The value of customer deposits held by Coinbase Ireland grew from €458.9m in 2023 to €747m in 2024
Customer deposits with crypto firm Coinbase Ireland grew by 63% last year

Coinbase Ireland is a subsidiary of the Coinbase Group. Another subsidiary, Coinbase Europe, was recently fined by the Central Bank of Ireland. 

Customer deposits held by cryptocurrency exchange Coinbase Ireland increased by close to 63% during 2024, as it grew its revenue over the course of the year to €58.3m, figures from its latest financial statement show.

According to the statement, the company generated €29.5m in revenue during 2023, which increased to €58.3m last year.
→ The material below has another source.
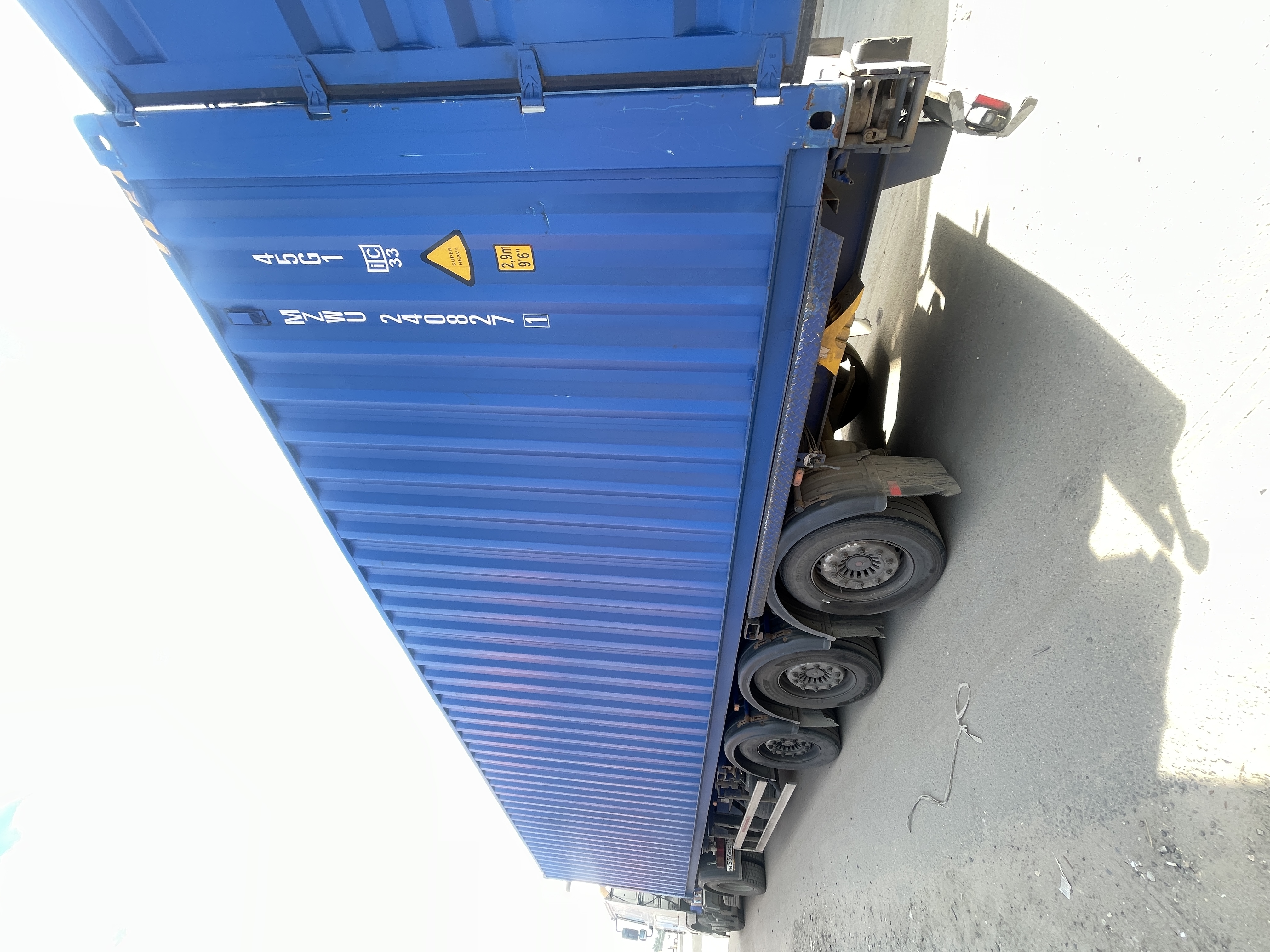 Морской контейнер MZWU2408271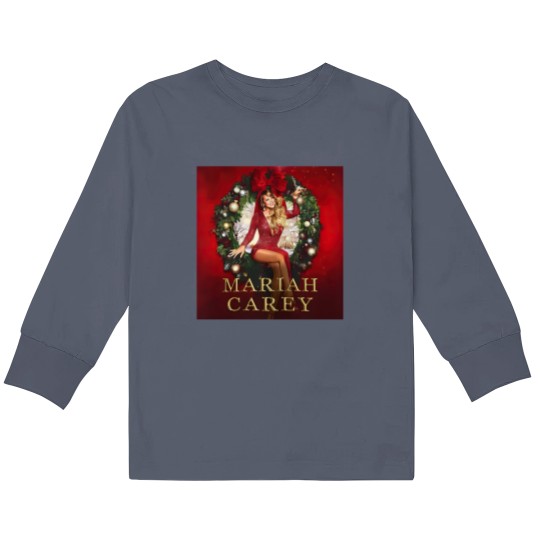 Discover Mariah Carey Christmas Special Kids Long Sleeve T Shirts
However, profit for 2024 stood at just €3m — up from €1.6m year-on-year.

The company generates its revenue largely from e-money and payment service fees from Coinbase customers who reside in the European Economic Area. It also generates revenue from the provision of certain customer support and compliance services to Coinbase, Inc, which is an affiliate of the company.
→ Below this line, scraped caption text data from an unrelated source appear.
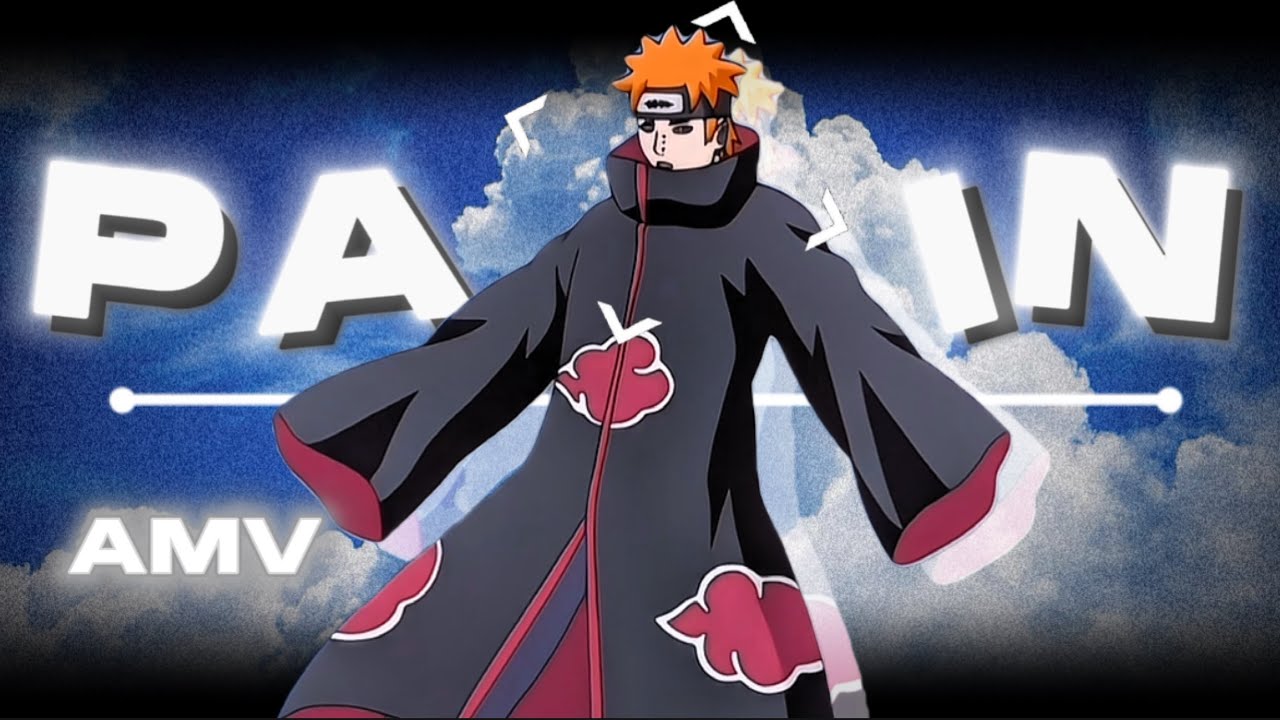 “This world shall know pain.” PAIN [AMV/EDIT] - SABOTAGE (SLOWED) -
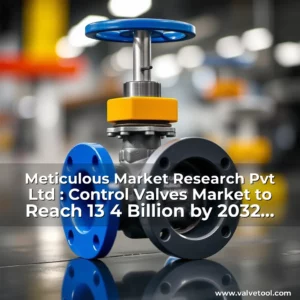 Read more about the article Meticulous Market Research Pvt  Ltd : Control Valves Market to Reach 13  4 Billion by 2032  Exclusive Report by Meticulous Research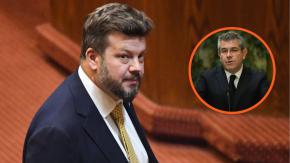 Kaiser se suma a críticas por designación de Jouannet: "La mujer del César no solamente debe ser pura, debe parecerlo"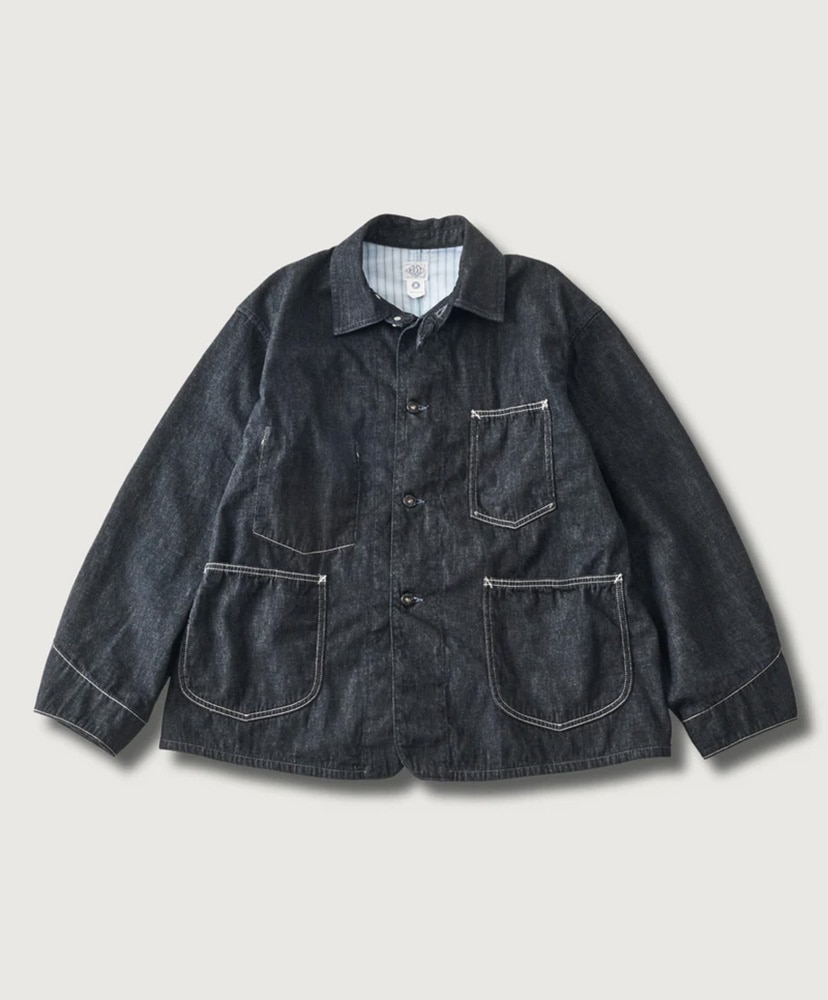 デニム　セットアップ　L ブラック ASHOES&SONS WORKSのご用命お問合せは亜洲'Sへ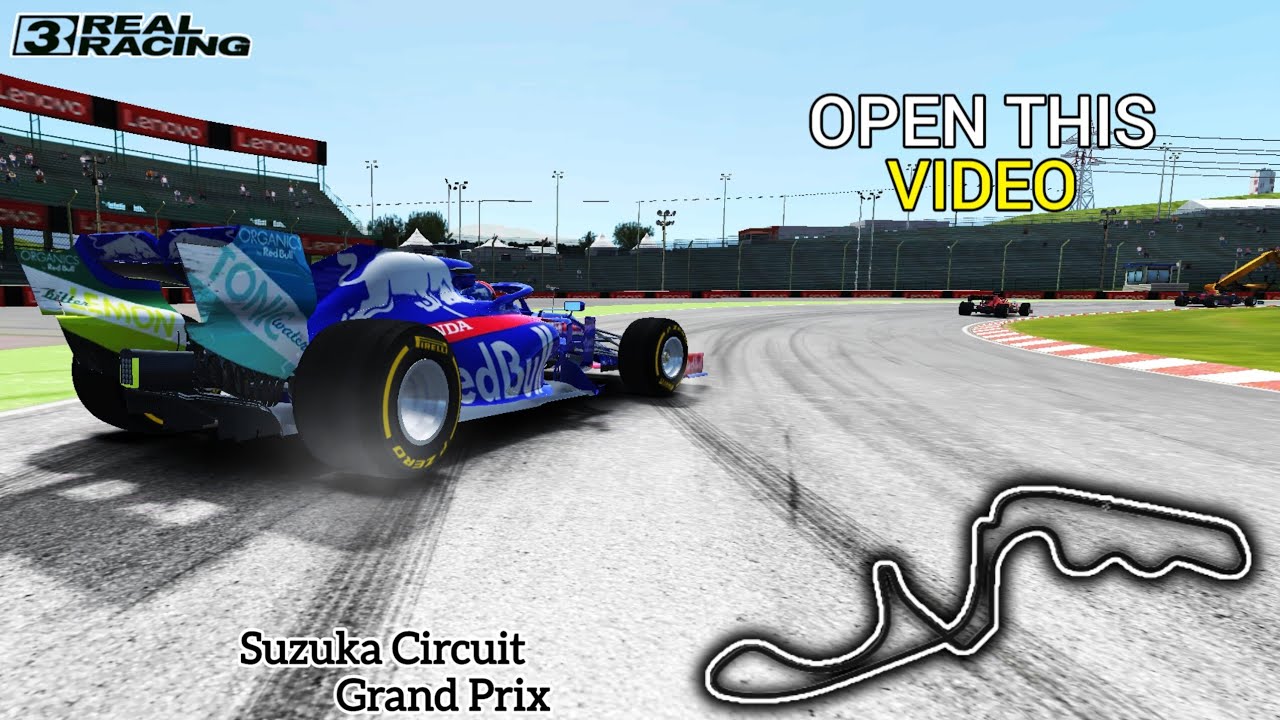 Toro Rosso STR14 | 2019 Season Champion Series | Suzuka Circuit 4 Events | Cockpit + Dual Camera RR3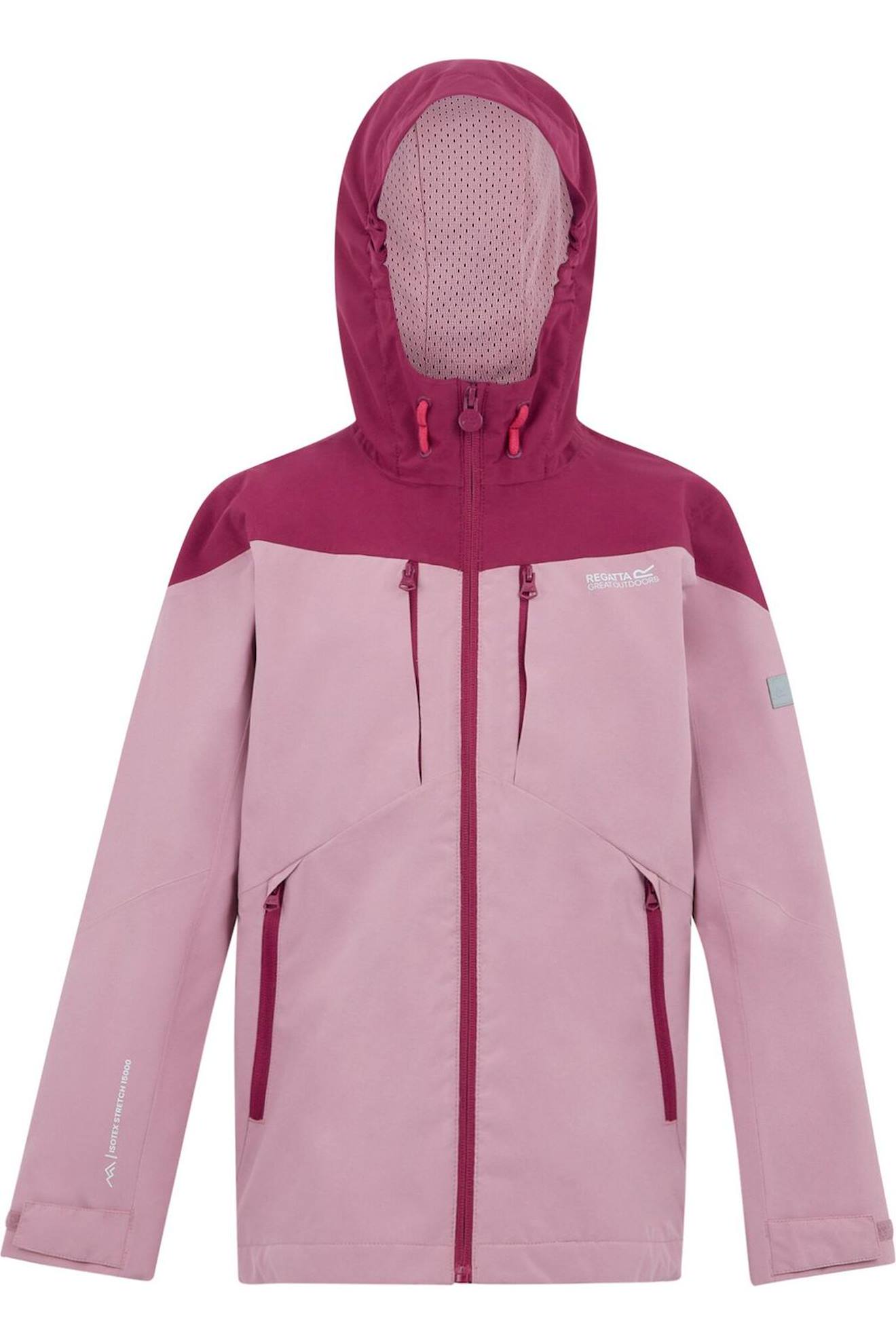 Veste Imperméable Highton Vi Lilas / Bordeaux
The company’s cost of sales increased from €3m in 2023 to €21m in 2024. This, along with €35.6m in administration expenses, cut into the company’s profit for the year.

As of the end of December, the company had €134m cash in hand.

The value of customer deposits held by Coinbase Ireland grew from €458.9m in 2023 to €747m in 2024. The bank holds its customers' cash assets across four financial institutions: Citibank Europe; JP Morgan Chase Bank; AS LHV Group; and Banking Circle.

In early November, the Central Bank announced it fined Coinbase Europe, which also operates out of Ireland and is part of the overall Coinbase Group, more than €21m for failing to properly monitor more than €176bn worth of transactions on its platform for suspicious anti-money laundering and counter terrorist financing activity.

According to the financial statement, Coinbase Ireland “maintains a non-exclusive agreement for e-money services with Coinbase Europe Limited and Coinbase Germany GmbH, both affiliate entities”.

All three entities are wholly owned subsidiaries of Coinbase Global.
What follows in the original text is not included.